If, like me, you’re not organised enough to prepare frozen Kongs and Lickimats in advance, making up some doggy ice cubes with water and a tasty treat means you’ve always got something on hand to pop into a Kong or stuffed apple alongside their normal food.
Teaching our dogs to settle is a really useful life skill for them. Dogs normally sleep 12-14 hours per day, and making sure they have the opportunity to get in enough rest can help prevent lots of problem behaviours that occur when our dogs become over tired or unable to switch off.
Choose a place that you’d like your dog to settle – this could be their bed or even a cool mat in the summer. If there is a place your dog normally chooses to lie down then this is a great place to start. Whenever your dog chooses to settle in this place, calmly reward them – we don’t want to use exciting treats and an excited voice as this is likely to cause them to get up.

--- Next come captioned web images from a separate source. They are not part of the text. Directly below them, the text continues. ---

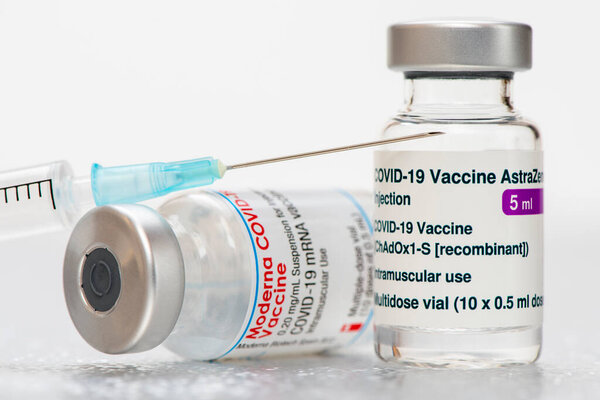 Augsburg, Bavaria, Germany - March 21, 2021: Vials with the Moderna Covid-19 vaccine are used at the corona vaccination centres worldwide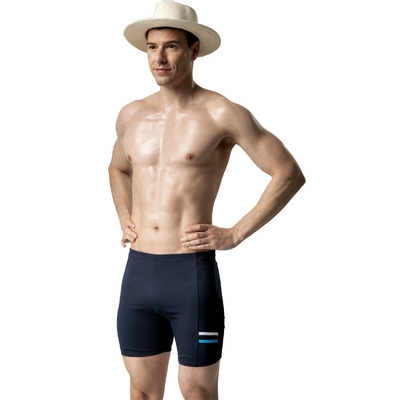 沙兒斯 泳裝 側邊藍白橫紋紋飾五分男泳褲(大尺碼)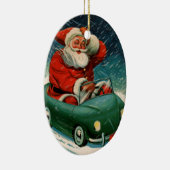 Weihnachten, Weihnachtsmann im Niedlichen Auto Keramik Ornament (Rechts)
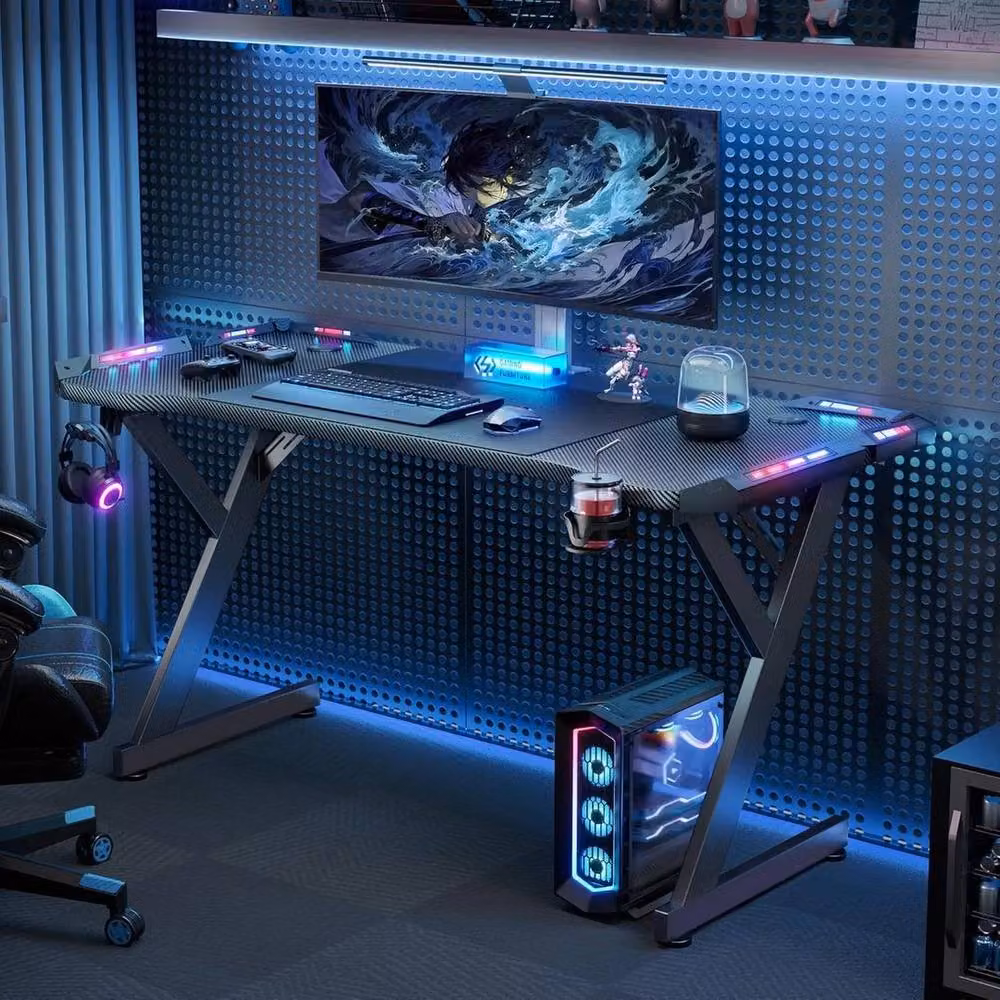 FLAVORA Black Gaming Desk with LED RGB, W: 140 cm, D: 60 cm – 2
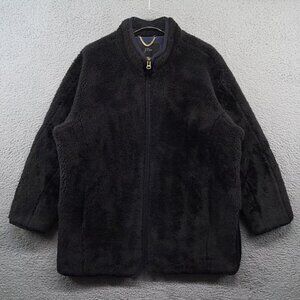 J. Crew Zip Up Plush Fleece Coat Soft Fluffy Teddy Jacket Black Relaxed 2XL XXL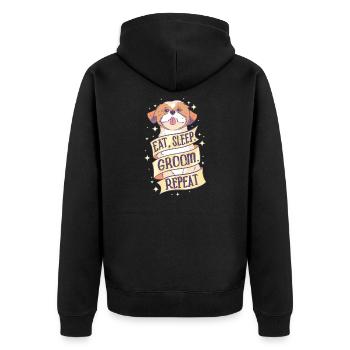 Dog Groomer Dogstyler Groomer Dog Grooming - Unisex Premium Organic Zip Hoodie - black - Back - Nico (187cm)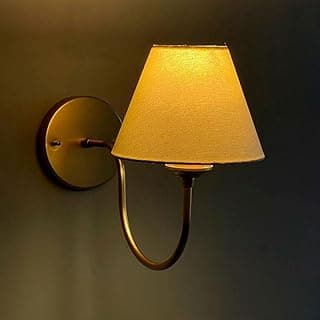 Arandela de parede curvada dourado com cúpula algodão branca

If you have a dog that tends to always be focussed on you or follows you around, then make sure you reward them any time they chose to stay on their bed/mat when you have moved away.
Initially, this might be you only moving a few steps, but gradually building it up over time. You can also use the same area to feed your dog their Kongs, Lickimats and long-lasting chews, as this can really help your dog to realise that chilling out on their bed/mat is a great thing to do.
If you have access to somewhere outside that is cool and shaded then letting your dog sniff to their heart’s content is so beneficial for them. Smell is our dogs’ primary sense and the way they explore the world around them – the part of their brain that processes the information they receive from the olfactory receptors in their noses is much larger than ours, so sniffing really is a mental work out for them creating a tired, happy and contented dog.
Have fun with water
If your dog is a water lover, a dip in a paddling pool is the perfect way to cool down. If water isn’t their thing then providing a damp towel for them to lie on can help to keep them cool. The hose pipe can also be a lot of fun if your dog loves water.